Problem to work on – Output the first line of the listing and each line after it, up to and including the line that contains "Restauraciones Esteticas - Adhesivas-REVISION", exactly as written, minus the pictures.

□ □ □ □ □

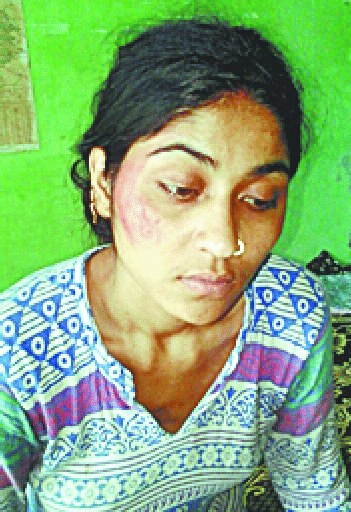 Attempt to kill daughter in law for dowry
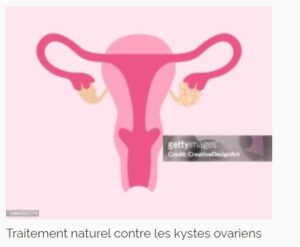 Lire la suite à propos de l’article Kystes ovariens : Traitement naturel contre les kystes ovariens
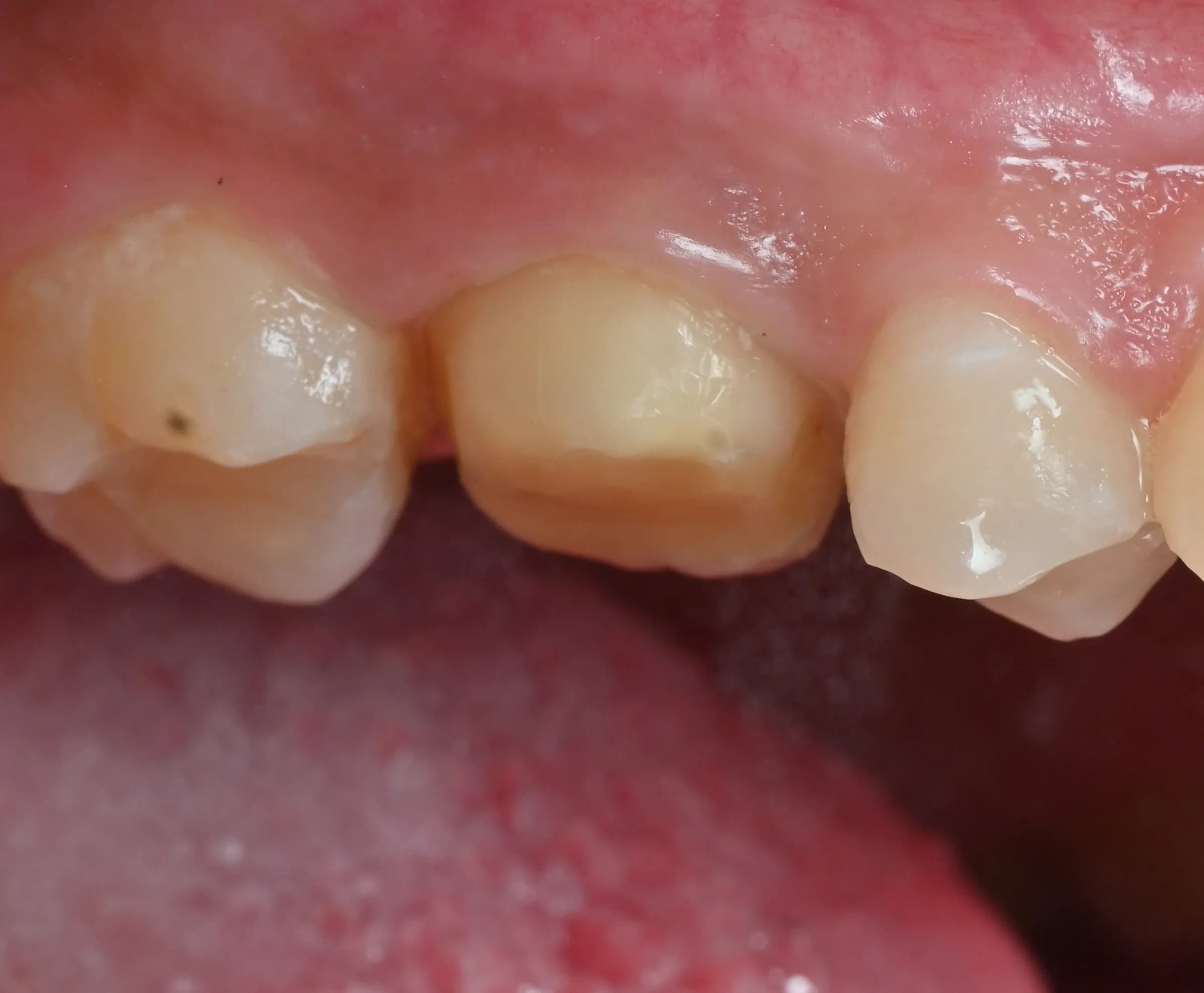 Rebuilding a worn tooth — before treatment
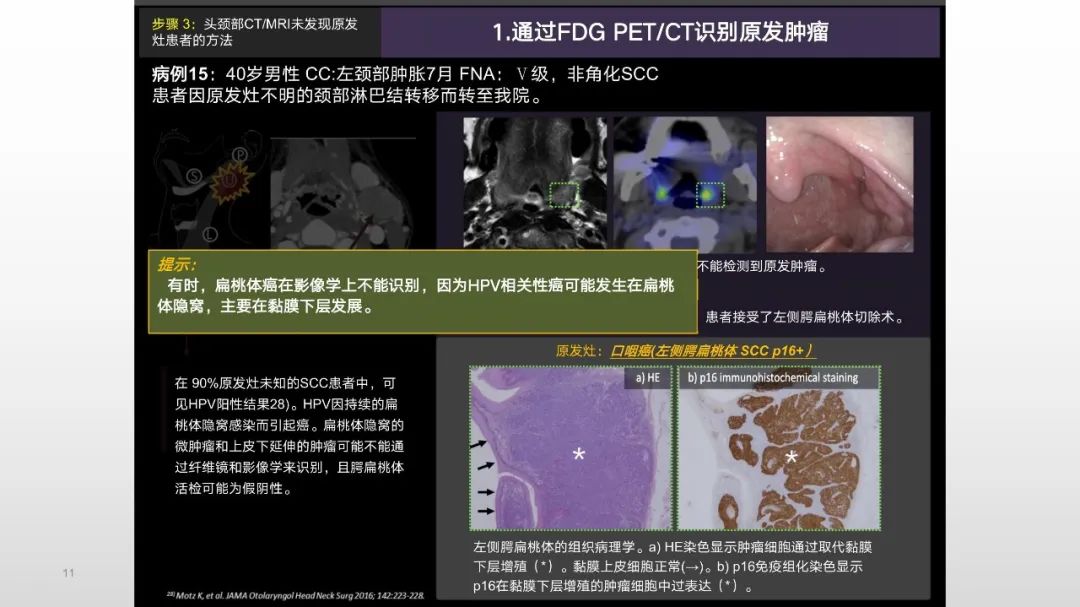 影像PPT - 【PPT】原发肿瘤在哪里？不明原发肿瘤颈部淋巴结转移的影像学检查方法-9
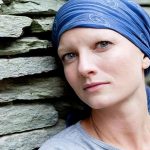 ریزش مو سر در شیمی درمانی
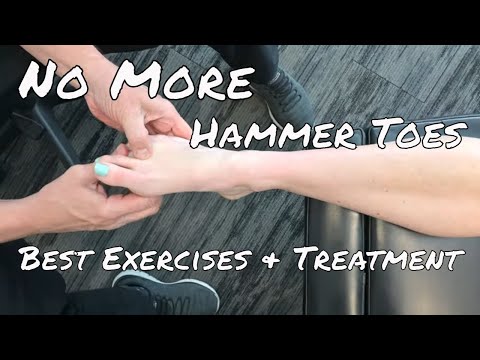 Hammer Toes: Over 90% Success Rate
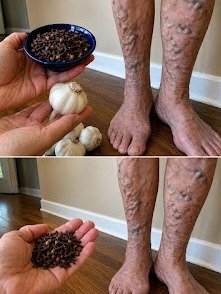 ¡Adiós Várices y Pesadez! El Secreto Ancestral con Ajo, Clavos y Jengibre Que Transformará Tus Piernas en Semanas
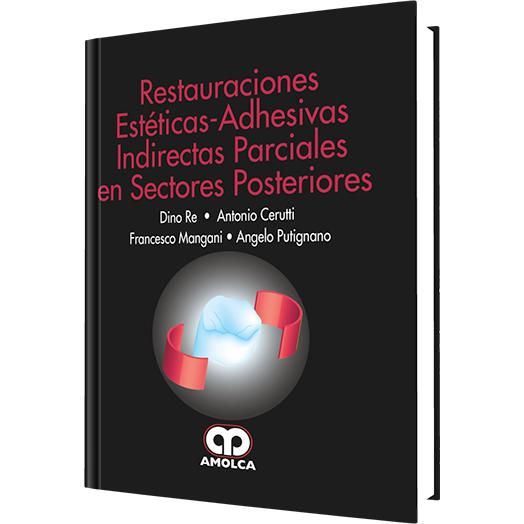 Restauraciones Esteticas - Adhesivas-REVISION - 26/01-amolca-UNIVERSAL BOOKS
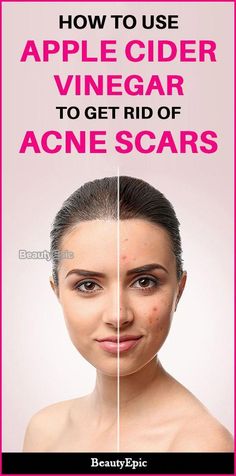 Brown Spots On Skin, Skin Care Routine For 20s, Dark Spots On Face, Get Rid Of Acne, Rid Of Acne, Natural Acne Remedies, Brown Spots Removal, Brown Spots On Face, Treat Acne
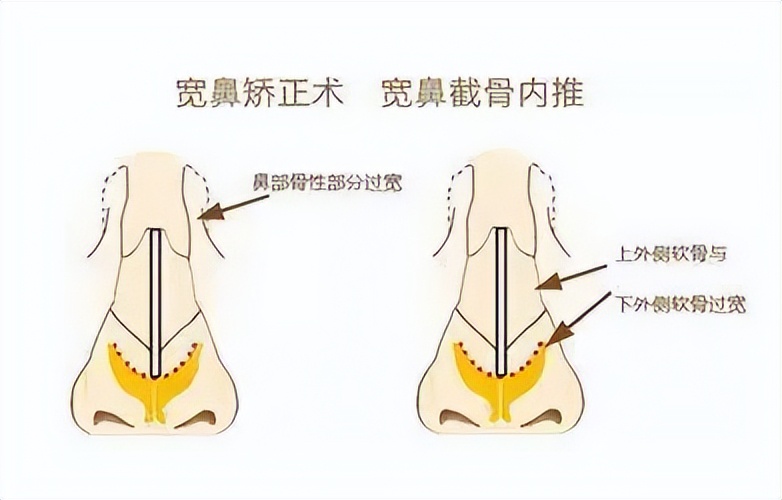 九院韦敏介绍,九院韦敏隆鼻多少钱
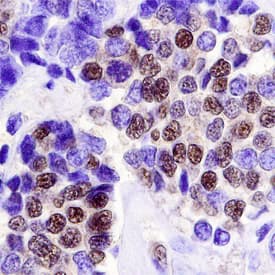Immunohistochemistry LKB1/STK11 Antibody [Unconjugated]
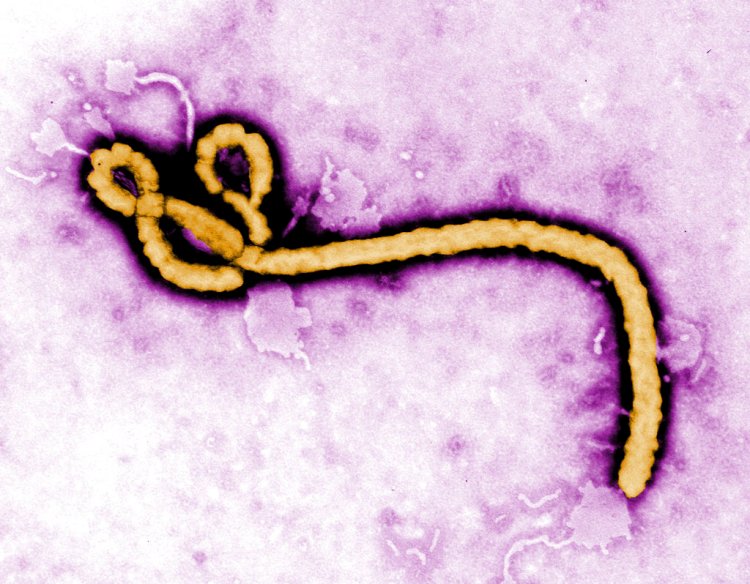 In this undated colorized transmission electron micrograph file image made available by the CDC shows an Ebola virus virion.  Congo's Ebola outbreak has spread to a city, the capital of the northwestern Equateur province, a worrying shift as the risk of infection is more easily passed on in densely populated urban areas.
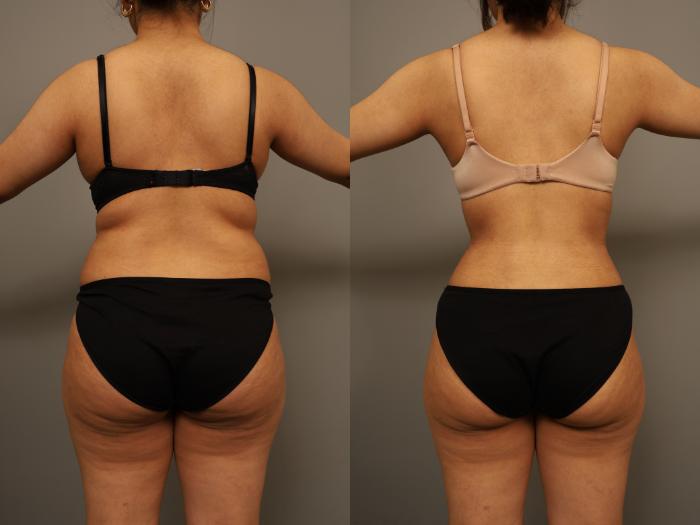 Before & After Liposuction Case 294 Back View in New York, NY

□ □ □ □ □

Task solution –
 Attempt to kill daughter in law for dowry
 Lire la suite à propos de l’article Kystes ovariens : Traitement naturel contre les kystes ovariens
 Rebuilding a worn tooth — before treatment
 影像PPT - 【PPT】原发肿瘤在哪里？不明原发肿瘤颈部淋巴结转移的影像学检查方法-9
 ریزش مو سر در شیمی درمانی
 Hammer Toes: Over 90% Success Rate
 ¡Adiós Várices y Pesadez! El Secreto Ancestral con Ajo, Clavos y Jengibre Que Transformará Tus Piernas en Semanas
 Restauraciones Esteticas - Adhesivas-REVISION - 26/01-amolca-UNIVERSAL BOOKS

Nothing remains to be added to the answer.